## Material shown:
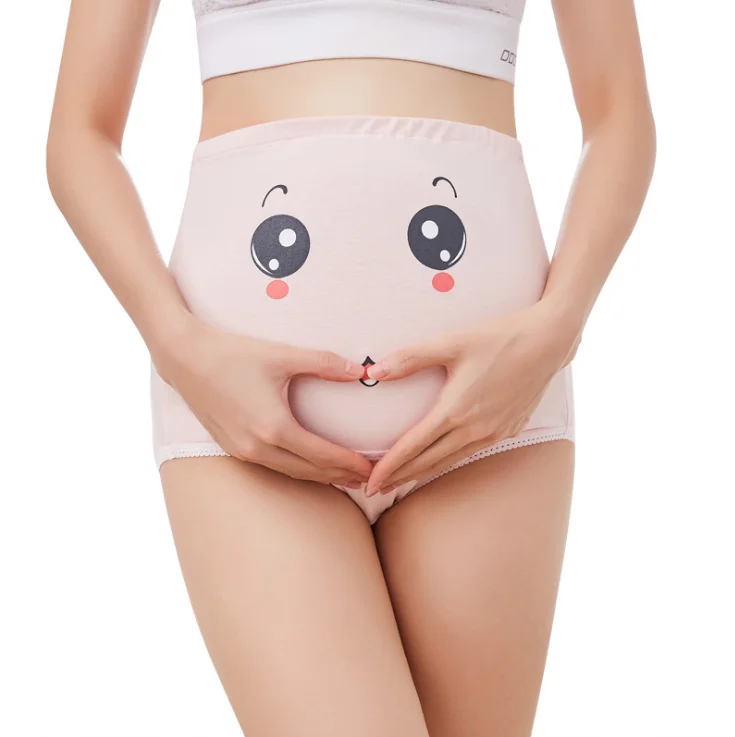 
Pure cotton breathable high waist supports abdomen lovely cartoon expression pregnancy abdomen pregnant woman pants 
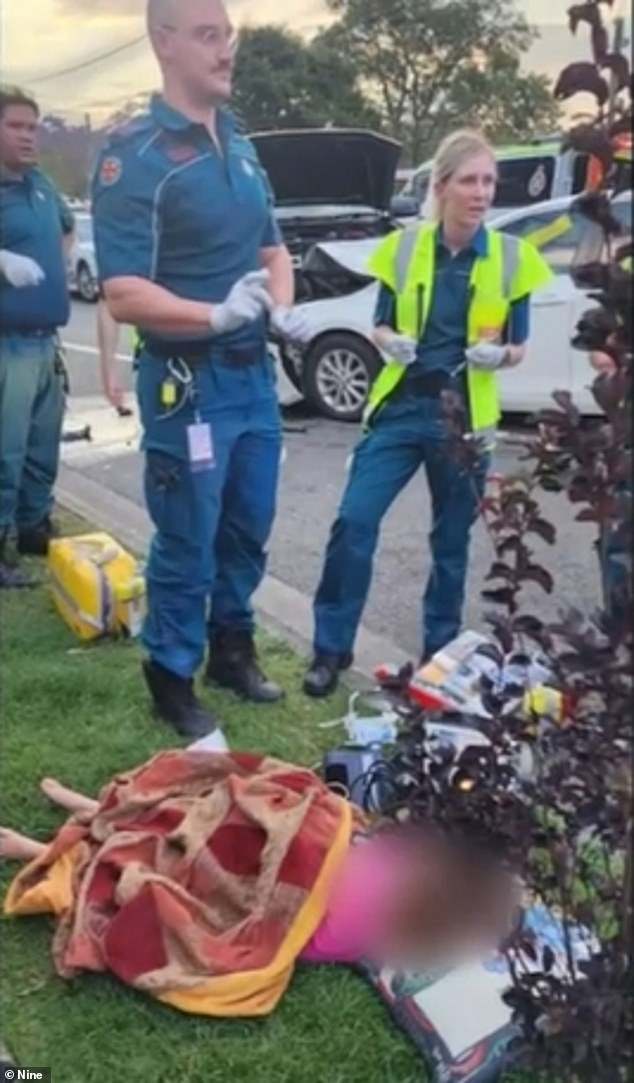 A mother and daughter (pictured) were treated by paramedics at the scene of Mam's accident, but no one was seriously injured.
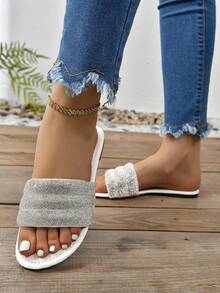 Sandalias Planas De Punta Redonda Blancas Elegantes Para Mujer Con Adornos De Pedrería Y Diseño De Deslizamiento - Blanco - Ver 4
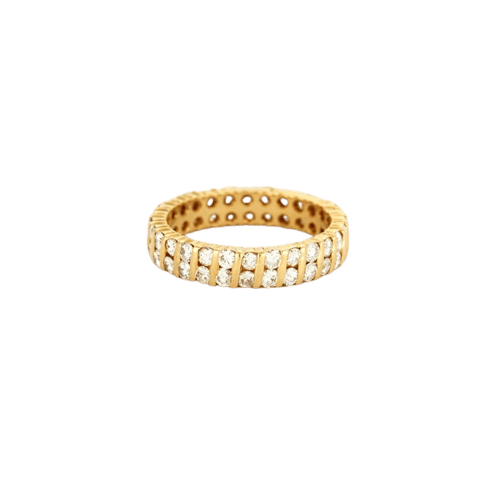 Bague 55.5 Alliance - Bague en or jaune sertie de diamants 58 Facettes LP677/12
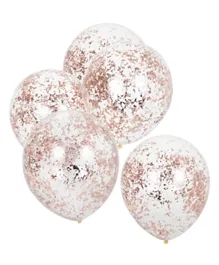 Ginger Ray Rose Gold Confetti Filled Balloons Pack of 5 - 12 Inches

## Problem to work on:
What you give back must match the entries exactly, apart from the omitted pictures.

## Exercise answer:
Pure cotton breathable high waist supports abdomen lovely cartoon expression pregnancy abdomen pregnant woman pants 
 A mother and daughter (pictured) were treated by paramedics at the scene of Mam's accident, but no one was seriously injured.
 Sandalias Planas De Punta Redonda Blancas Elegantes Para Mujer Con Adornos De Pedrería Y Diseño De Deslizamiento - Blanco - Ver 4
 Bague 55.5 Alliance - Bague en or jaune sertie de diamants 58 Facettes LP677/12
 Ginger Ray Rose Gold Confetti Filled Balloons Pack of 5 - 12 Inches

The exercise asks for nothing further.